Like these or regular ones? :laugh:


----------



## thygreyt (Jun 7, 2009)

tmnt rock!


----------



## Cherb32 (Jun 18, 2006)

TMNT FTW

Cowa****inbunga!


----------



## stangg172006 (Jul 21, 2006)

I have a sneaking suspicion that he does it on purpose. I hypothesis that he is actually a genius, ****ing with us...


----------



## RINGSROC (Apr 2, 2007)




----------



## turtles (Mar 17, 2010)

TeamZleep said:


> I like turtles.


 i like you too.


----------



## Corruptkid (Feb 19, 2007)

I like frogs


----------



## TeamZleep (Aug 28, 2007)

turtles said:


> i like you too.


WIN dude!!!!!


----------



## turtles (Mar 17, 2010)

TeamZleep said:


> WIN dude!!!!!


this thread is fuuuullllll of win lol


----------



## thygreyt (Jun 7, 2009)

nevah ending, huh? lol


----------



## TeamZleep (Aug 28, 2007)

It will nevar end just like the 1.8t NEVARRRRRR loses.

*ROADHOUSE!!!!!!*


----------



## LVDSM (May 7, 2008)

Repalce the ECU with a flux capitor.

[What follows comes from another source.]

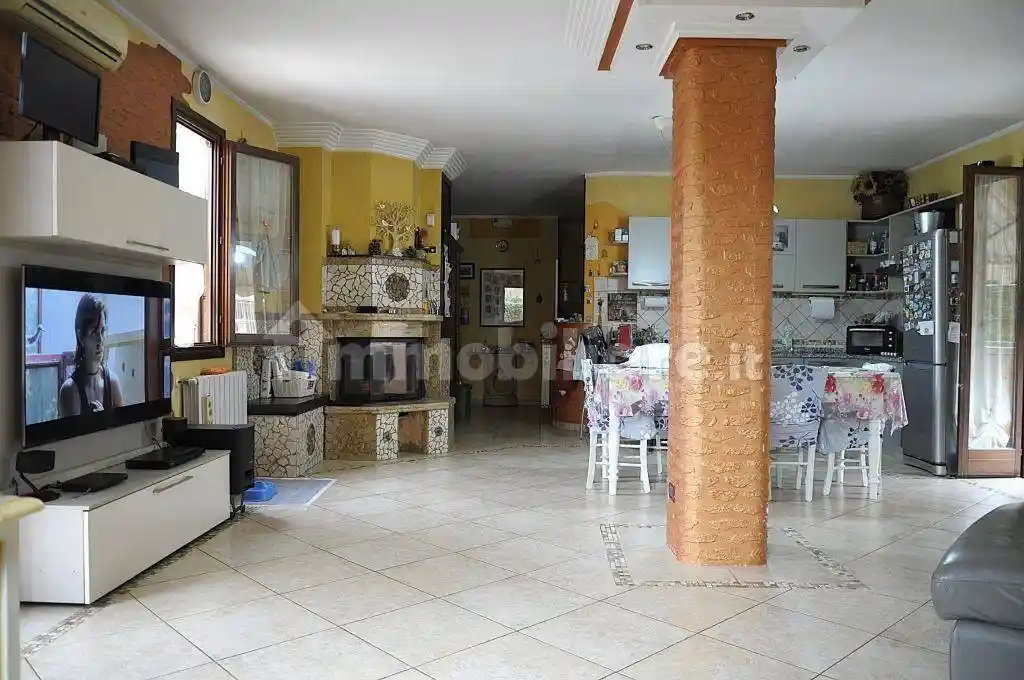 Appartamento in vendita a Colle di Val d'Elsa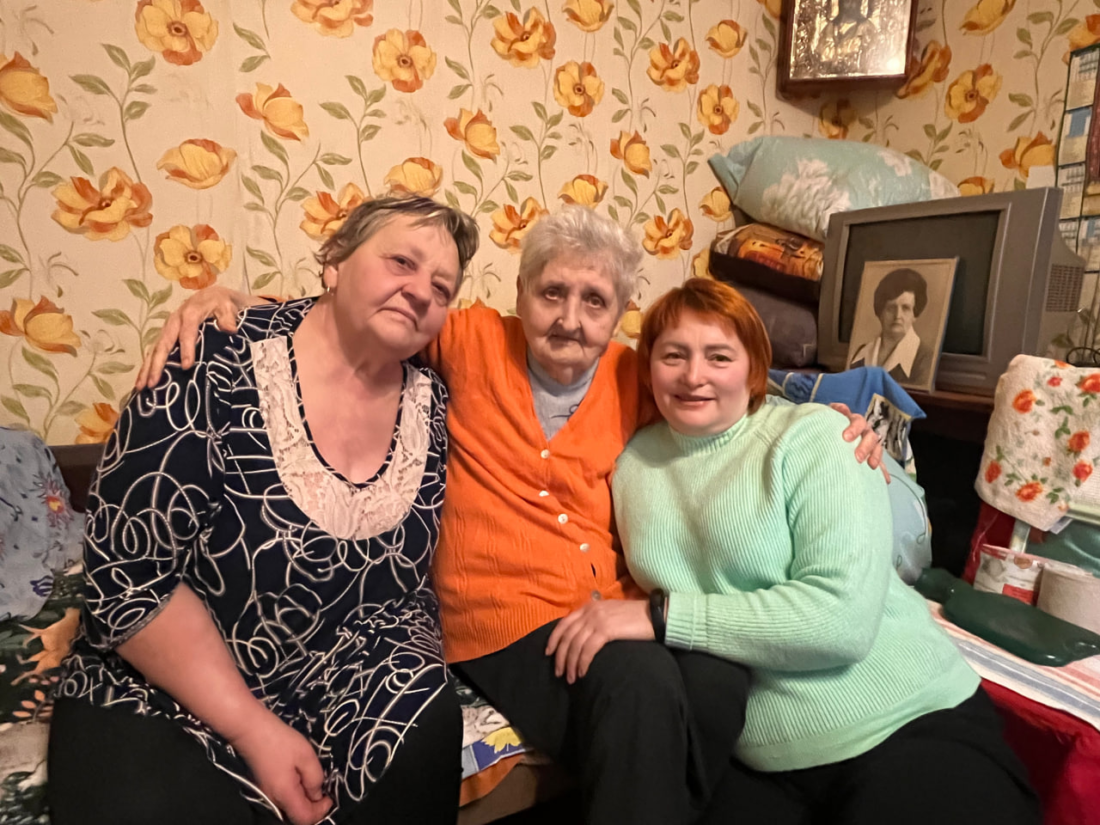 «Ми як дві самотності, які знайшли одне одного»: тиха історія почесної громадянки Вільногірська Надії Чирви та її опікунки фото 2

If you can get the gigawatts just right, you''ll be in business. I swapped mine a while ago when I switched to dual pooperchargers on my bunny. All that economy crap limited me to 760WHP. Now I'm constantly getting calls from the Dahlback guys wanting to know my secrets. Don't listen to these guys. Anyting is possible.:thumbup:


----------



## IJSTROK (Oct 2, 2007)

Threads like this are the reason why I don't frequent the 2.5 forums anymore.  I'm not just talking about the OP. :thumbdown: Where's Andre's thread?


----------



## kevin splits (Aug 23, 2010)

LVDSM said:


> Repalce the ECU with a flux capitor. If you can get the gigawatts just right, you''ll be in business. I swapped mine a while ago when I switched to dual pooperchargers on my bunny. All that economy crap limited me to 760WHP. Now I'm constantly getting calls from the Dahlback guys wanting to know my secrets. Don't listen to these guys. Anyting is possible.:thumbup:


I pooped my pants, I ate to much corn.:thumbup:


----------



## eatrach (May 13, 2004)

I like ThunderCats


----------



## rags2riches (Jan 2, 2010)

Nightshift, all these guys are just jerks. Believe when I tell you that you'll have no problems at all running a turbo on stock software. As a matter of fact, I'd shoot for a big turbo set up. But, don't waste your time with an intercooler. Total waste of time. Just skip it all together. Maybe you could even get some high compression ratio pistons before you turbo your car. GOOD LUCK.


----------



## TeamZleep (Aug 28, 2007)

rags2riches said:


> Nightshift, all these guys are just jerks. Believe when I tell you that you'll have no problems at all running a turbo on stock software. As a matter of fact, I'd shoot for a big turbo set up. But, don't waste your time with an intercooler. Total waste of time. Just skip it all together. Maybe you could even get some high compression ratio pistons before you turbo your car. GOOD LUCK.


ZOMG I love you dude, no ****.


----------



## [email protected] (Jan 2, 2009)

Blow through carb and an msd box FTW. :laugh:


----------



## kevin splits (Aug 23, 2010)

An aftermarket muffler bearing will help run a turbo without a turbo file.


----------



## rags2riches (Jan 2, 2010)

kevin FaKiN spLits said:


> An aftermarket muffler bearing will help run a turbo without a turbo file.


What are you, stupid? This is the dumbest thing I have ever seen. Everybody knows that VWs OEM muffler bearings are much better than aftermearket ones. I buy them by the dozen.


----------



## KulturKampf (Nov 30, 2009)

the fact that this thread is still going on amazes me


----------



## thygreyt (Jun 7, 2009)

jut a tip...

for moar power: dont put an intake... let the turbine/turbo suck ram air, right there right now... i mean, the filter limits air right??


----------



## kevin splits (Aug 23, 2010)

Or u could wire ur ignition to a 5000 watt power converter and shoot a ignition spark right through ur piston. that will help with fuel combustion!lol


----------



## KulturKampf (Nov 30, 2009)

run the turbo manifold through the hood of the car and let it breathe free my friend


----------



## Slipstream (Feb 8, 2002)

This isn't going anywhere productive.


----------